Weit hergeholt sind die Interpretationen jedoch nicht, wenn man sich die Äußerungen Droeses genauer anschaut. Er war Anfang 2016 derjenige, der eine gemeinsame Großdemonstration mit Pegida in Leipzig planen wollte und einen »Schulterschluss« mit der rassistischen Bewegung begrüßte, woraufhin sich die Leipziger AfD distanzierte. Ende des Jahres lud er dann gemeinsam mit anderen AfD-Politikern den österreichischen Rechtspopulisten Andreas Mölzer, der Anfang 2014 den Nationalsozialismus verharmloste und durch rassistische Äußerungen zur EU in die Schlagzeilen geriet, zu einem Vortrag nach Leipzig ein.

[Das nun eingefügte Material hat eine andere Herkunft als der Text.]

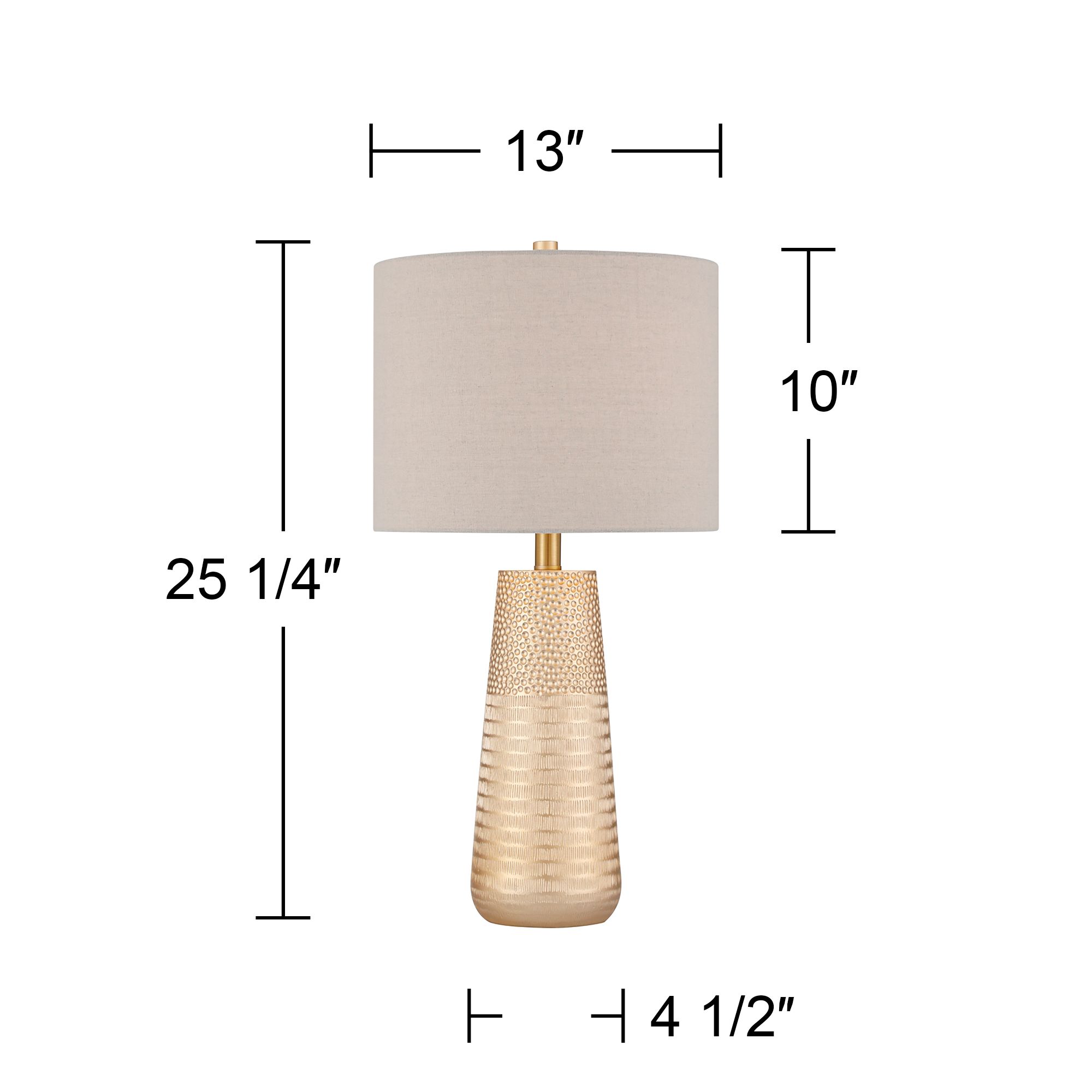 Oswaldo 25 1/4" Textured Gold Modern Table Lamps Set of 2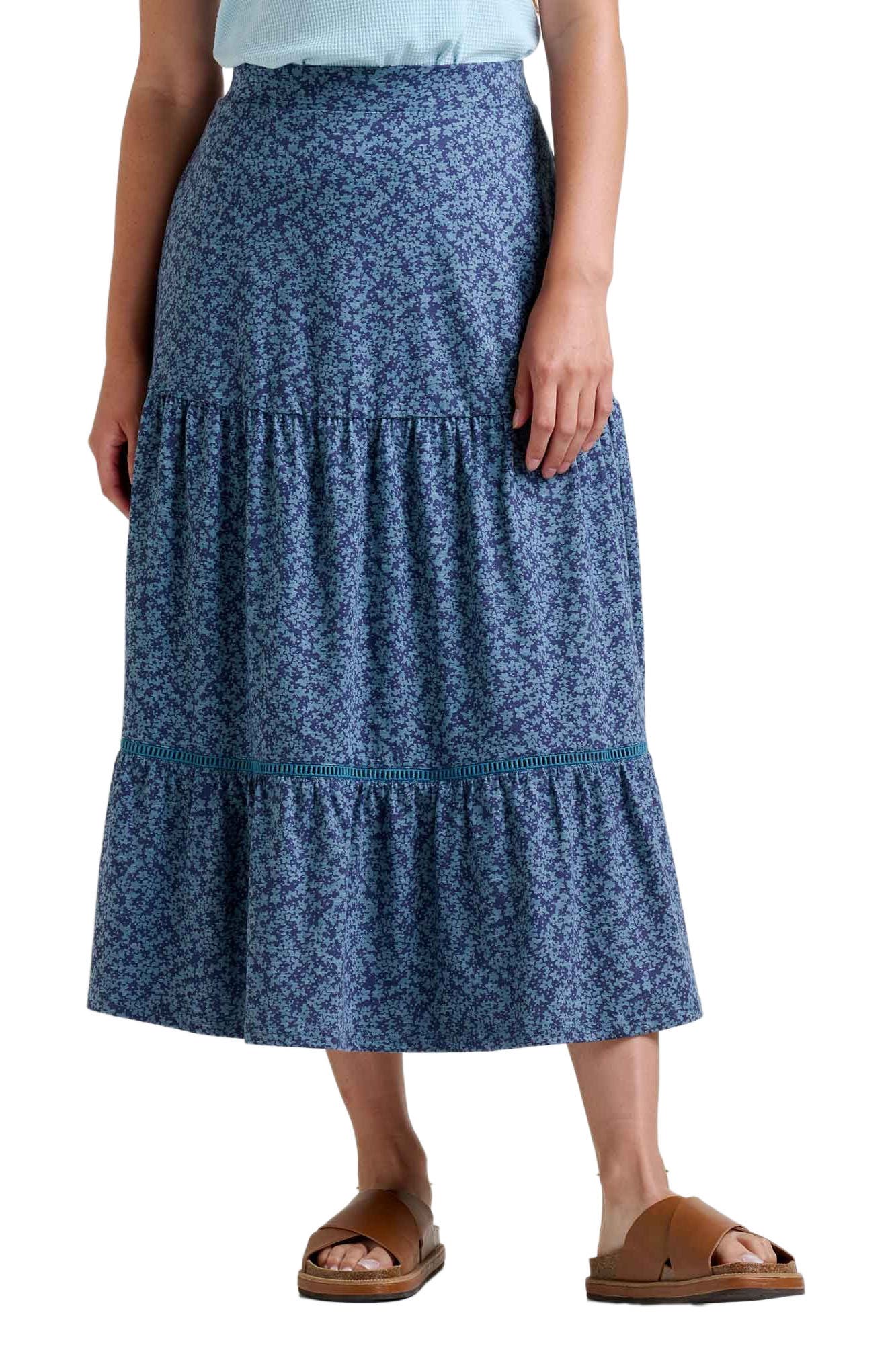 Toad & Co Marigold Tiered Midi Skirt in True Navy Tonal Print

Auch der aktuelle politische Kurs des Bundestagskandidaten offenbart sich als wenig moderat. In einem Brief, den er mit »Ich will mein Land zurück!« betitelte und dem kreuzer als Ersatz für ein persönliches Interview schickte, spricht er von gerechtem Lohn für deutsche Arbeiter, vom Untergang der Nation und von seiner Liebe zu Deutschland. Er schreibt, dass ihn die »linksextreme Szene mit ihren Deutschen und Deutschland feindlichen Parolen«* in Leipzig schmerze, beklagt den »offenen, antideutschen Rassismus« und betont seine Unzufriedenheit mit der »alten politischen Klasse«, die sich »zum Vorreiter eines europäischen Superstaates« mache, »vergleichbar mit der untergegangenen Sowjetunion«. Folgerichtig will Droese gegen genau diese Europapolitik vorgehen, prangert den Euro als Währung an und fordert eine Volksabstimmung zum Verbleib Deutschlands in der Euro-Zone. Überhaupt ist das Volk zentraler Bezugspunkt seiner Politik. Die Idealvorstellung eines AfD-Funktionärs beschreibt er als »Volkstribun«, der Kern seiner Politik seien die »Interessen Deutschlands und die Interessen des Deutschen Volkes«. Wie selbstverständlich fügt er hinzu: »Das deutsche Volk besteht naturgemäß aus Deutschen.«
Droese ist Mitglied im »Flügel«, einer Rechtsaußengruppierung innerhalb der AfD rund um Björn Höcke. Obwohl er schon mit Pegida geliebäugelt hat und auch auf der ersten Legida-Demonstration zugegen war, will er sich eine Nähe zur Rechten nicht vorwerfen lassen. »Nur weil wir uns deutlich und vorbehaltlos zu unserer deutschen Identität bekennen und uns dafür einsetzen, dass unsere deutsche Nation auch in Zukunft fortbesteht«, würde man fälschlicherweise als Rechte, Rechtsradikale oder Schlimmeres stigmatisiert, sagt Droese. Stattdessen sei die AfD »aus Mangel an einer konservativen-patriotischen Alternative« entstanden. Dass die Partei jedoch weit mehr als nur konservativ-patriotische Facetten hat, zeigte sich in den letzten Jahren mehrfach. Ob Pegida-Nähe, Zusammenarbeit mit den rechten Identitären oder ehemalige NPD-Funktionäre in den eigenen Reihen: Die AfD ist eben auch eine Partei der Rechtspopulisten, wenn nicht sogar noch radikaler. Mit dem Deutschland liebenden und Pegida verstehenden Siegbert Droese hat sie daher einen Kandidaten nominiert, der den rechten Flügel der Partei nicht besser repräsentieren könnte.